Questa è la sorpresa! Non è un'iniziativa che può prendere la morte: solo la vita può muoversi, prendere iniziativa. E dobbiamo ricordarcelo, questo: non sarà mai per mezzo di una nostra iniziativa che risolveremo il più grande dei nostri problemi: dovremo lasciarci inondare dalla compassione di Cristo. Lui ci tocca, putridi come siamo, arrivati alla fine, profondamente inutili e impotenti.
Egli tocca la bara e poi parla al defunto: «Ragazzo dico a te, alzati!».  Per la Parola di Dio può cambiare la nostra condizione. Qualcosa che ci dice chi siamo: qui è un ragazzo, e la giovinezza porta in sé forza, energia.
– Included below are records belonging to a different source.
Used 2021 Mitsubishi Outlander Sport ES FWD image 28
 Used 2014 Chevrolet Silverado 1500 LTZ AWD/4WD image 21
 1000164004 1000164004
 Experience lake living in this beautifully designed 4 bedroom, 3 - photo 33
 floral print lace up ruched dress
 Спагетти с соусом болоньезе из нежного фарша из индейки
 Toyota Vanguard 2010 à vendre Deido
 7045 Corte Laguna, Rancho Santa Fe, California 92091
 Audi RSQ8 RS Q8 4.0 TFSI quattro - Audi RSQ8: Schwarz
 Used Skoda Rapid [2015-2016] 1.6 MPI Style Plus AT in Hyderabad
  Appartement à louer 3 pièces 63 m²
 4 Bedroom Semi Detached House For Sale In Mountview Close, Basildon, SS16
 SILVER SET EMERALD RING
Ecco, per la Parola di Gesù questa energia viene evocata.
Chi siamo noi? Noi crediamo di aver capito chi siamo e ci siamo dimenticati che c'è un progetto di Dio su di noi. Noi ci "leggiamo" in maniera sballata, fuori mira, ma non ci ricordiamo più di essere in fondo tutti dei ragazzi, piccoli bimbi di Dio, a cui Dio vuole parlare. Noi, che pretendiamo tanto da noi stessi e tutto quello che sappiamo produrre è qualche cosa che poi si perde, ci dimentichiamo di essere tutti dei piccoli davanti a Dio, chiamati ad essere dei bambini.  Non essere solamente dei bimbi di questa madre impotente e piangente, ma diventare figli del Padre della Vita, diventare fratelli del Signore Gesù Cristo che ci dice: "alzati!".  Quante volte c'è uno spirito di pianto, prono, sgonfio, dentro di noi!
Questa Parola viene a dirci: che cosa vede in te Dio? Per Dio sei sempre uno che può ricominciare, sei sempre un ragazzo! C'è un testo della liturgia che parla della «rinnovata giovinezza dello Spirito»: è un'orazione che si recita nel tempo pasquale. Che significa? Che quando arriva il Signore, tutti ripartiamo da zero; quando arriva il Signore non è vero che l'ultima parola è stata detta: l'ultima parola la dice l'Unico che è l'omega. L'alfa e l'omega è il Signore Gesù, e arriva e dice: ragazzo, alzati! Dico a te, parlo proprio con te!  Non è una parola astratta, non è una filosofia: è una relazione

E «il morto si mise seduto e cominciò a parlare».
E il ragazzo sia alza e si mette seduto. C'è una progressione: non si pretende che questo subito balzi in piedi e si metta a correre... Una cosa per volta: il Signore Dio ha pazienza, aspetta...
 E poi parla: risponde ad una relazione.
«Ed egli lo restituì a sua madre».
Ecco l'esperienza della Chiesa: di essere vestita di povertà umana, ma di vedersi consegnare figli fatti nuovi, resettati, messi nelle condizioni di ripartire, di rinascere. E di averli accanto a sé.
Il Signore ci conceda, attraverso questo Vangelo, di poter contemplare la potenza di Dio, che se parla con noi torniamo tutti giovani.